What to do: Without the pictures, give the entries below again exactly as written.
___ Dataset excerpts ___
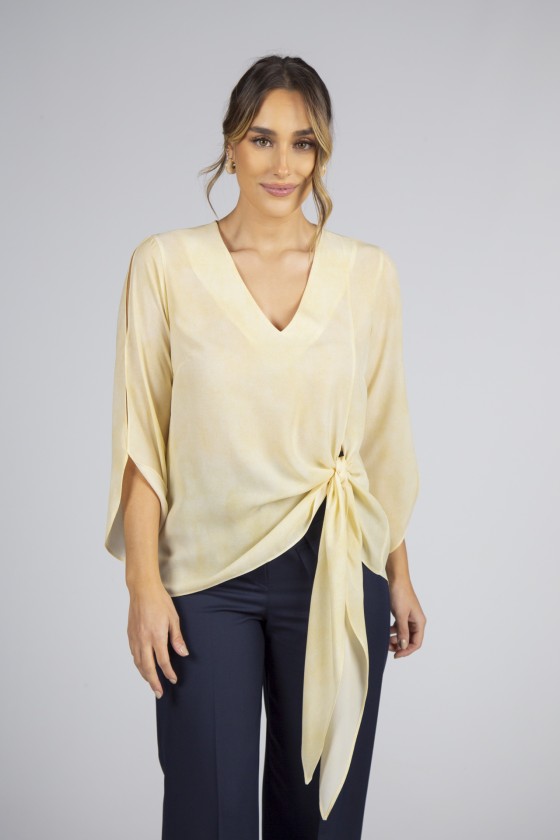 Túnica laçada lateral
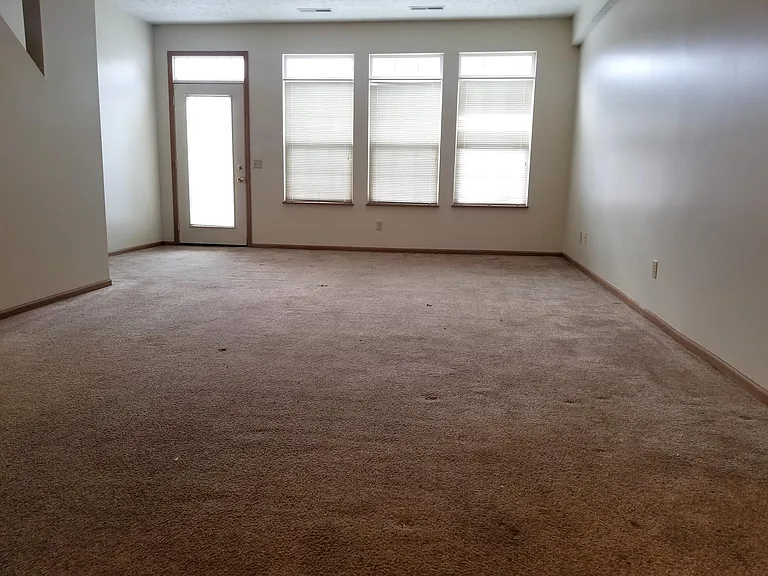 8280 Traphagen St NW — Photo 3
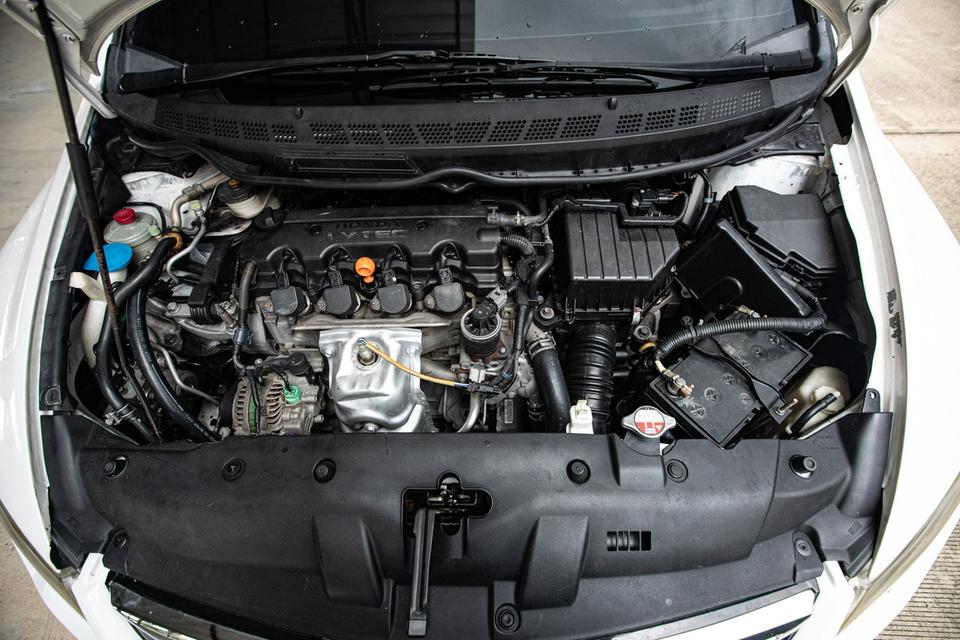 #Honda #Civic FD MNC 1.8 S ปี 2010 สีขาวรถบ้านสวย บอดี้เดิม ไม่เคยชนหนัก ไมล์ 162,211 กม. ดูแลดี เปลี่ยนถ่ายของเหลวตามระยะ เครื่องยนต์-เกียร์สมบูรณ์ รูปที่ 13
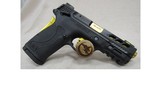 SMITH & WESSON M&P380 SHIELD EZ PERFORMANCE CENTER M2.0 GOLD - 3 of 5
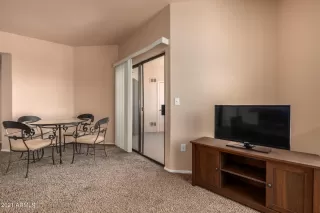 Photo #3: 6219199 Listing 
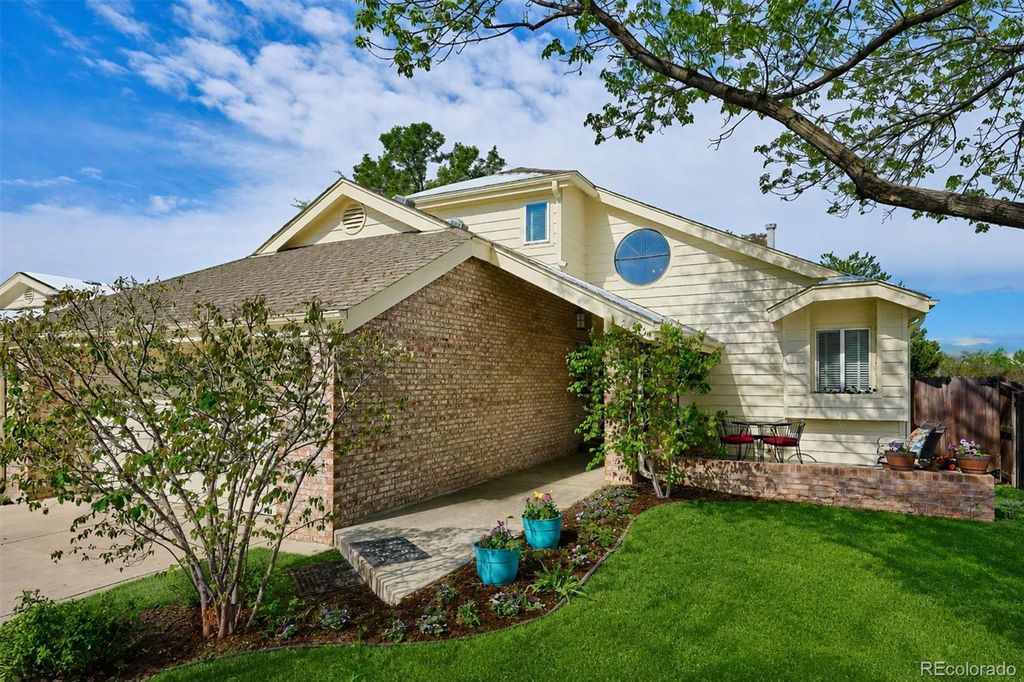 Photo of 3333 E Florida Avenue #49, Denver, CO 80210 (MLS # 4234786)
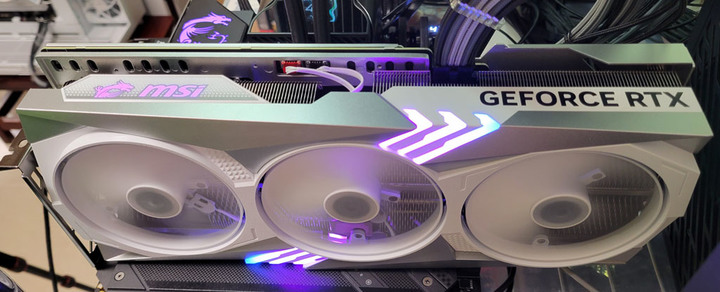 動爪玩MSI GEFORCE RTX 4070Ti GAMING X TRIO WHITE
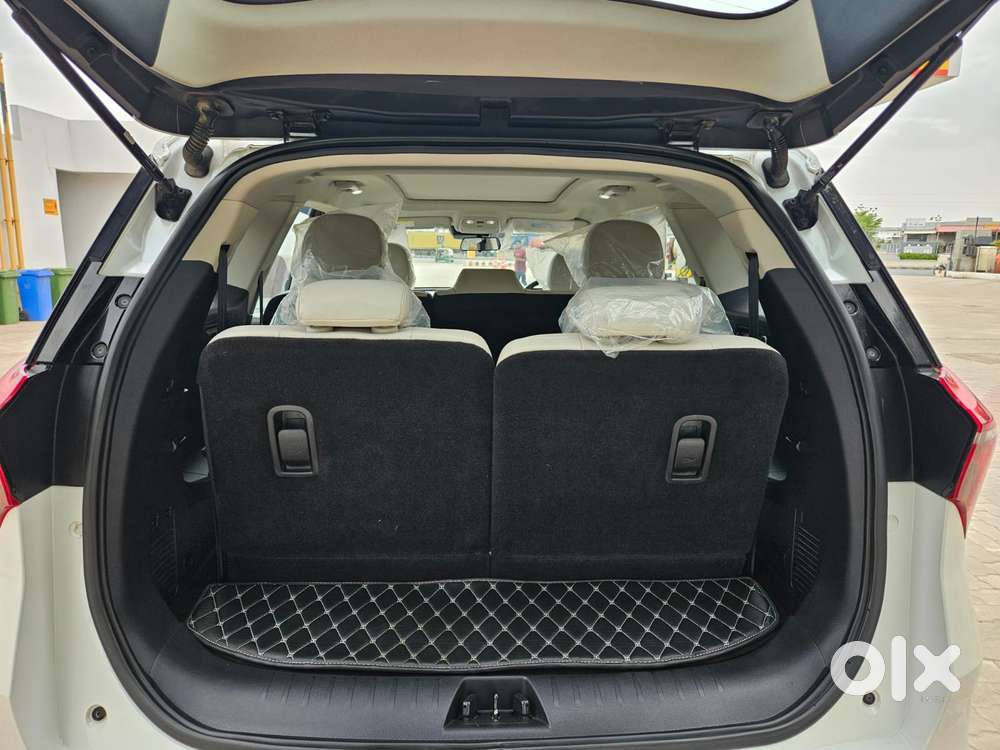 Mahindra Xuv700 2.2 Ax 7 Diesel Mt Luxury Pack Str, 2025, Diesel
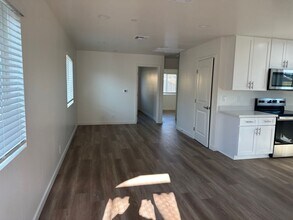 928 W Perdew Ave in Ridgecrest, CA - Building Photo - Building Photo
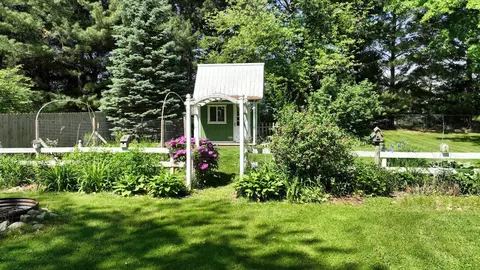 Exterior - 6121 Duffield, Flushing, MI 48433 photo 21 of 23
___
Result of this exercise:
 Túnica laçada lateral
 8280 Traphagen St NW — Photo 3
 #Honda #Civic FD MNC 1.8 S ปี 2010 สีขาวรถบ้านสวย บอดี้เดิม ไม่เคยชนหนัก ไมล์ 162,211 กม. ดูแลดี เปลี่ยนถ่ายของเหลวตามระยะ เครื่องยนต์-เกียร์สมบูรณ์ รูปที่ 13
 SMITH & WESSON M&P380 SHIELD EZ PERFORMANCE CENTER M2.0 GOLD - 3 of 5
 Photo #3: 6219199 Listing 
 Photo of 3333 E Florida Avenue #49, Denver, CO 80210 (MLS # 4234786)
 動爪玩MSI GEFORCE RTX 4070Ti GAMING X TRIO WHITE
 Mahindra Xuv700 2.2 Ax 7 Diesel Mt Luxury Pack Str, 2025, Diesel
 928 W Perdew Ave in Ridgecrest, CA - Building Photo - Building Photo
 Exterior - 6121 Duffield, Flushing, MI 48433 photo 21 of 23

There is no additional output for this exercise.